Riflessi


30 marzo 2006
di Marco Corona
Coconino Press, euro 9,oo


Quando posso, soprattutto se lo conosco personalmente, prima di scrivere a proposito di un fumetto, cerco di scambiare quattro chiacchiere con chi lo ha realizzato. L’intento è di fornire al lettore non solo le mie impressioni sull’opera, ma anche una testimonianza dell’autore, magari espressa attraverso un solo pensiero, una breve dichiarazione o un illuminante chiarimento. Con questo intento, dopo aver letto “Riflessi”, ho deciso di telefonare a Marco Corona, che non sento da almeno tre anni. Volevo anche comunicargli quanto la storia mi avesse emozionato per la scrittura grafica minuziosa (e addirittura pignola), attenta a documentare il fluttuante incedere dei sogni e dei ricordi. Poi gli avrei chiesto - dato che sul frontespizio dell’albo, oltre al titolo “Il canguro pugilatore”, è indicato “volume 1” e che l’interno è disseminato di indizi messi apposta per alimentare le attese - come e in quanti tomi intendesse sviluppare il materiale narrativo che si affaccia nelle vignette, suggestive, di “Riflessi”.

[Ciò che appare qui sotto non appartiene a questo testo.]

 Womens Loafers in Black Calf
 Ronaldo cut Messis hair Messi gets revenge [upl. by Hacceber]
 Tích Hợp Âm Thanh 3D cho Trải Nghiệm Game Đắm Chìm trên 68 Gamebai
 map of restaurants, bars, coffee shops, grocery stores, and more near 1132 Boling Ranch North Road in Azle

Purtroppo lo scambio di opinioni non è stato possibile: dalla signora che ha risposto al telefono, ho appreso che Marco non è in Italia, che tornerà fra qualche mese, che adesso è in America.

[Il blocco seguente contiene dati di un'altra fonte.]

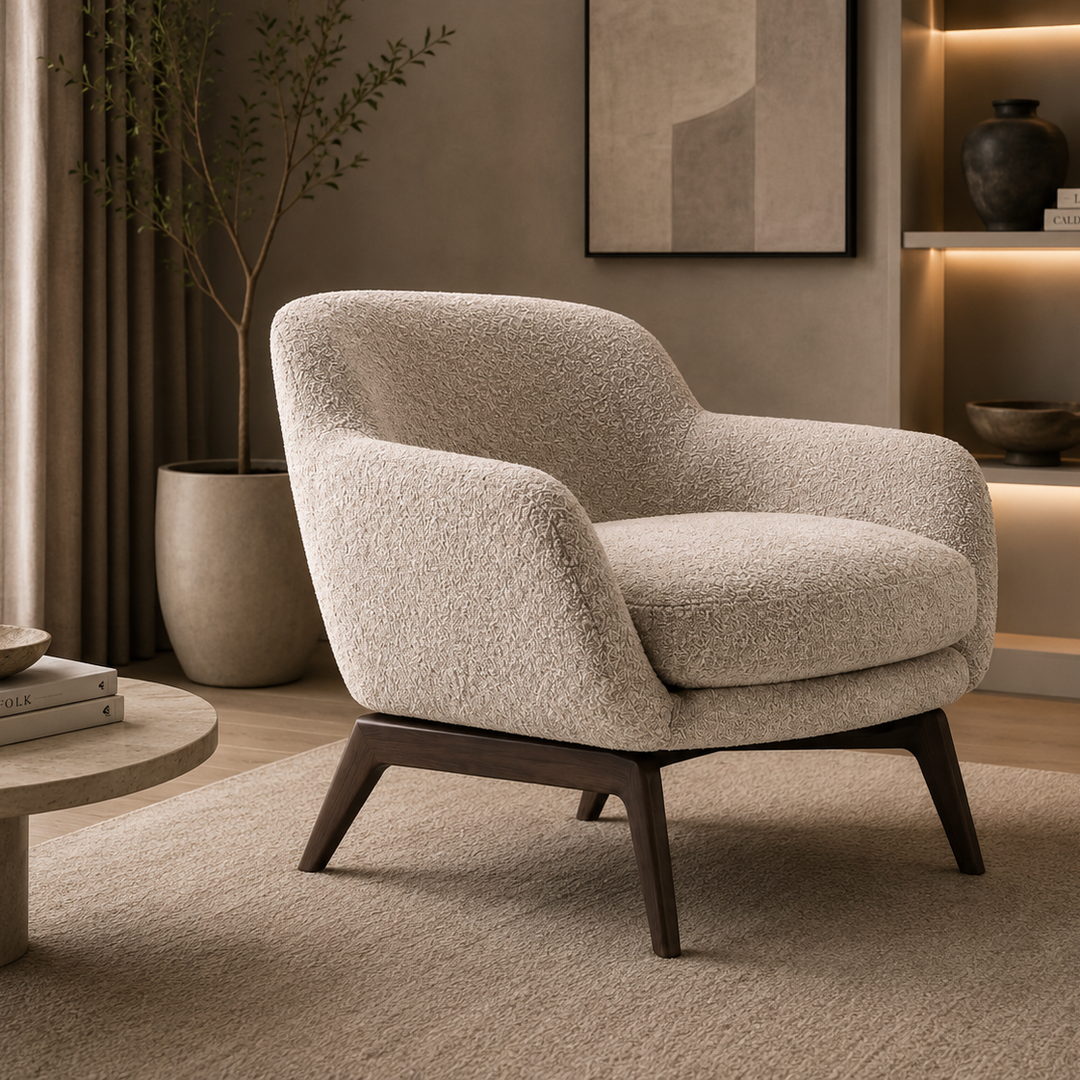 Upholstered Lounge Chair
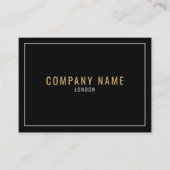 金ゴールド銀はっきりした文字 名刺 (正面)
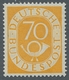 Bundesrepublik Deutschland: 1951, "Posthorn", Postfrischer Satz In Sehr Guter Erhaltung, 70 Und 80 P - Sonstige & Ohne Zuordnung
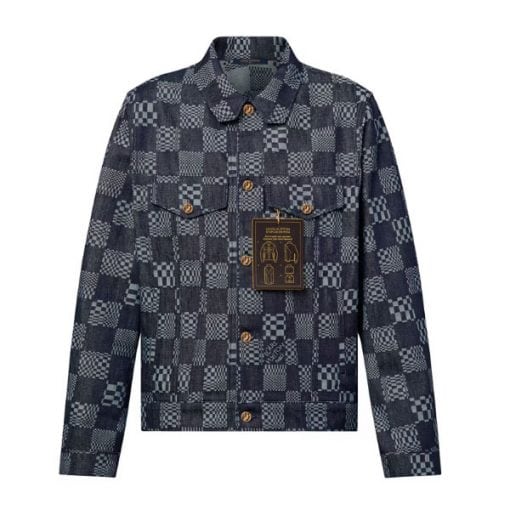 LOUIS VUITTON DISTORTED DAMIER DENIM JACKET – LVC039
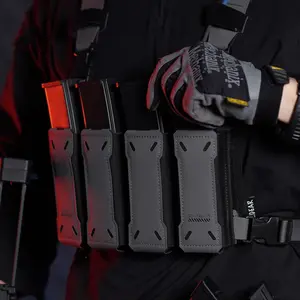 Dmgear Ar556 Triple Magazine Pouch, Smg Quad Magazine Carrier,Wargame Activities Kit, Compatible with Mpx Mp7 Vector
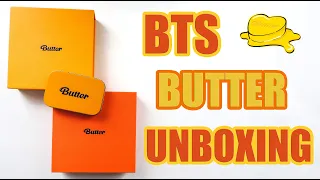 BTS "BUTTER" UNBOXING! BTS REVIEW! РАСПАКОВКА АЛЬБОМА БТС "БАТТЕР!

Non ho approfondito, ma credo sia tornato in Colombia per ritrovare gli ambienti e le persone che hanno ispirato “In mezzo, l’Atlantico” (libro di quasi cento pagine pubblicato nell’ottobre dello scorso anno, sempre da Coconino Press) e che lo stanno accompagnando nel più recente tratto della sua carriera artistica. Quel lavoro rappresentava uno scarto evidente dalle opere precedenti (penso a “Frida Kahlo, una biografia surreale”, “32 coups de toux”, “Cadavere Exquise”, “Bestiario padano”) nelle quali l’attenzione era rivolta a paesaggi fisici e umani irrisolti o corrotti, che il tratto nero e feroce esasperava fino alla caricatura. “In mezzo, l’Atlantico”, così come “Riflessi”, segna una evoluzione sia delle tematiche finora caratterizzanti la sua poetica, sia delle forme con le quali esse venivano illustrate. La sensazione è che, dopo aver descritto con precisione chirurgica l’alienazione sociale, ora lo sguardo voglia spaziare su una dimensione intima e privata, specifica della memoria, per ammantarla con inedito affetto.

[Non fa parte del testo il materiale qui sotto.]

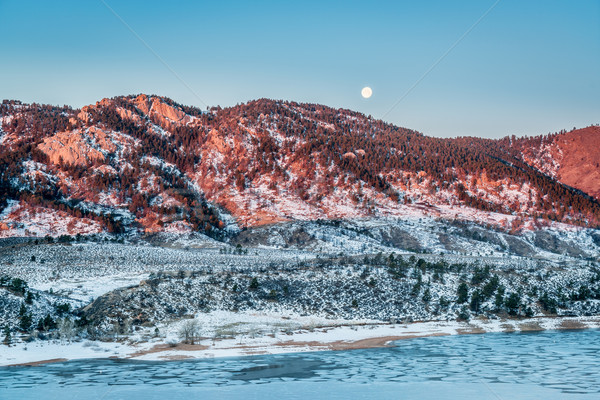 Sunrise over Rocky Mountains foothills Stock photo © PixelsAway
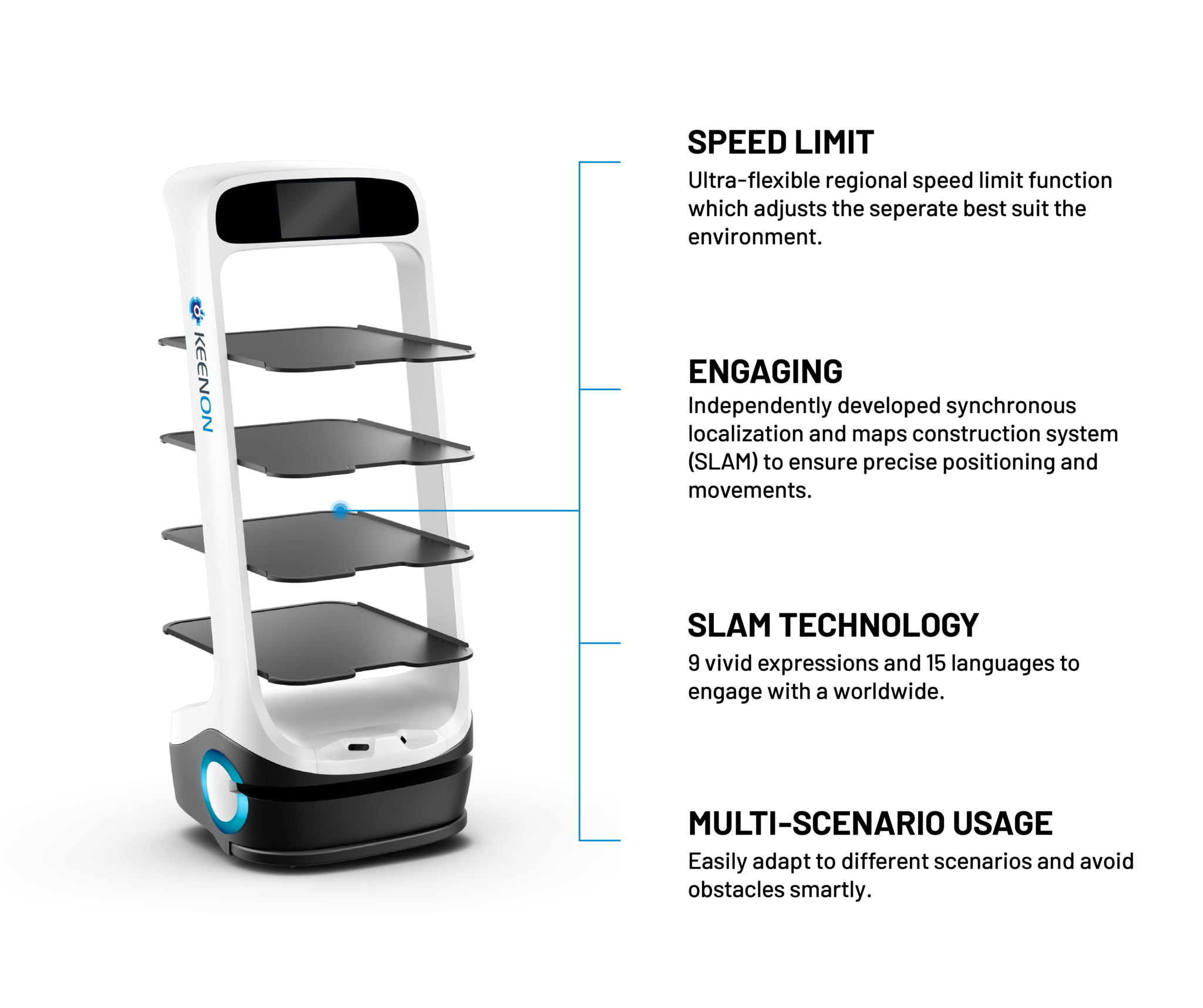 Keenon Solutions Restaurant Robot Smart Delivery Robot Waiter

Proprio in quel libro, nella sua premessa, ho trovato la dichiarazione, sintetica e chiara, che mi sarei aspettato da Marco Corona se avessi potuto parlare con lui a proposito di “Riflessi”. Un commento che mi sembra, anche in questo caso, calzante: “Dimenticatevi le cupe atmosfere del “Bestiario padano”…questa è tutta un’altra storia”.